**Given information**
----------
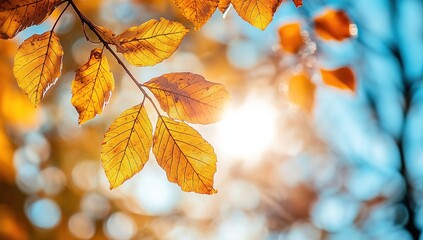 Fototapeta premium Golden Autumn Leaves Backlit By Sunlight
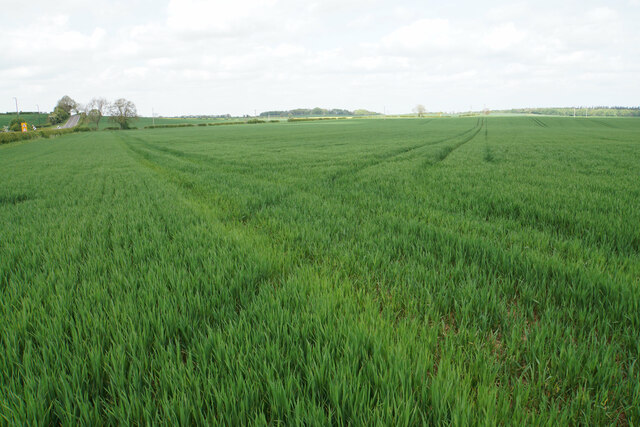 Wheat field on the edge of Bolsover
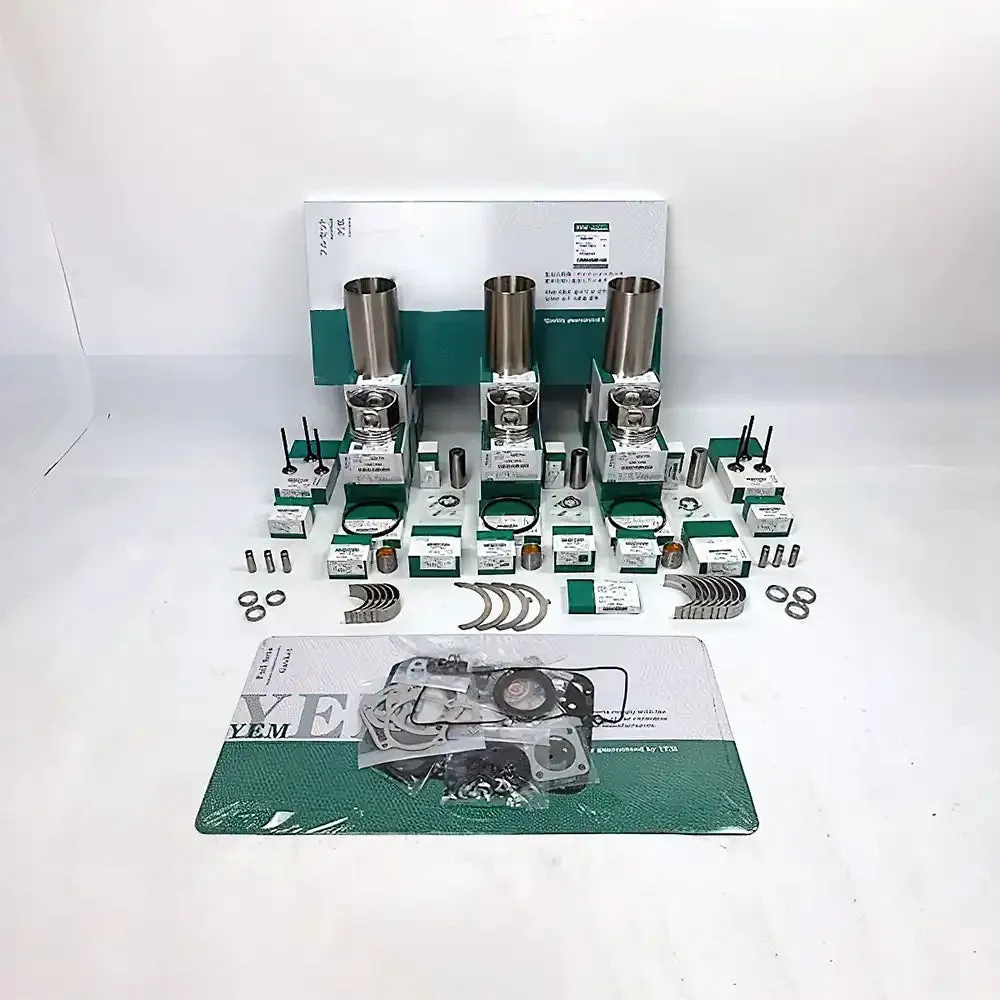 Overhaul Rebuild Kit for Yanmar 3TNA66 Engine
----------
Everything in the material above should be reproduced exactly, except the pictures.

**Output below**
 Fototapeta premium Golden Autumn Leaves Backlit By Sunlight
 Wheat field on the edge of Bolsover
 Overhaul Rebuild Kit for Yanmar 3TNA66 Engine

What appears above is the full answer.